First though the door though, you pass the heating room as well as the bouanderie.  This is the laundry room + powder room.  I had an armoire split in half and the sides flipped; so that inside that door on the right is a stacked washer and dryer.  I have never seen this done before, I was just thinking of what to use for on-hand cabinetry.  But I have yet to have a visitor not exclaim that this is totally clever.  A collection of old dames-Jeannes or demijohns on top on both sides.  The light fixture is from a vide-grenier.  It’s great to see each piece in the house and know when and where we bought it.  The cave or wine cellar is adjacent.  Maybe I’ll do another post just on this room; it deserves its own post.


A guestroom is on this floor too.  This is a former coatroom.  The walls are done in faux seagrass. with pretty silk drapes tiered and pleated at the bottom by my local seamstress.


The bed is dressed in vintage French linens from my collection, today with a heavy crocheted border sheet and Matteo blankets.  White linens only for me.


The windows on your room looks out onto the terrace.  There is a WC and shower also in this room, which is occupied during these pics and so a little rumpled….but that means bien comfortable!


The terrace is cool and inviting in summer, and great when the heat ramps up in July.  I painted a set of six chairs from the brocante with the Farrow and Ball paint bought in town, and brought the quilted runner and tricolore pillow from California with me.  And of course now my bike Mathilde is also sharing this space, waiting for her next run.


Most of the time, men don’t understand this kind of stuff, and I’m sure if I weren’t here this kind of fluff wouldn’t make it out onto the table.  And maybe even the table wouldn’t make it outside.  But there are candles lit, day and night, and roses or other flowers, always.  If you have been traveling from near or far, this is a nice place to start your visit.  Very chilled wine would soon fill these glasses…


The terrace is small, but perfect in summer.  Lots of blue sky above, dappled light in the later afternoon, cool and calm…next summer, I’ll have window boxes on each of the floors.


Inside, in the kitchen, I have a small “bar” area with various waters, teas and glasses.  The tea cups are white porcelain, from the thrift store.  I’ve gotten tired of drinking coffee from a bowl, not to mention it’s a horrible way to drink tea.  Love my tea cups!


Sugar, cocoa powder and cinnamon are all on hand but in English silver sugar shakers.  The British know how to do tea right!!

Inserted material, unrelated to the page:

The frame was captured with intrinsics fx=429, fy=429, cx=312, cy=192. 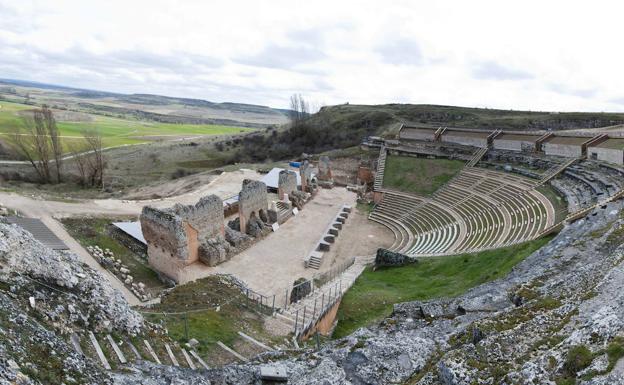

Various French silver tea pots and copper kettles are ready for service, and in the morning you will find these steaming on the stove.  R isn’t sure why I need more than one copper kettle.  Well, that’s because this one is three litres, and this one is four litres….and a few weeks later I added a little personal-sized kettle as well as one more even more enormous from Guy.  I know, a little addicted!!


Also in the kitchen you’ll see a stack of vintage cutting boards in various sizes.  The largest one is used to make pasta; the others are for bread and for putting guests to work chopping vegetables or herbs.  This is where we will cook a large dinner together with our guests on Saturday night.


Over the last few days I have had the time to clean and rearrange.  The storage jars for flour and sugar, salt and lavender are in a new corner now, along with 19thC trays and lots of sterling candlesticks.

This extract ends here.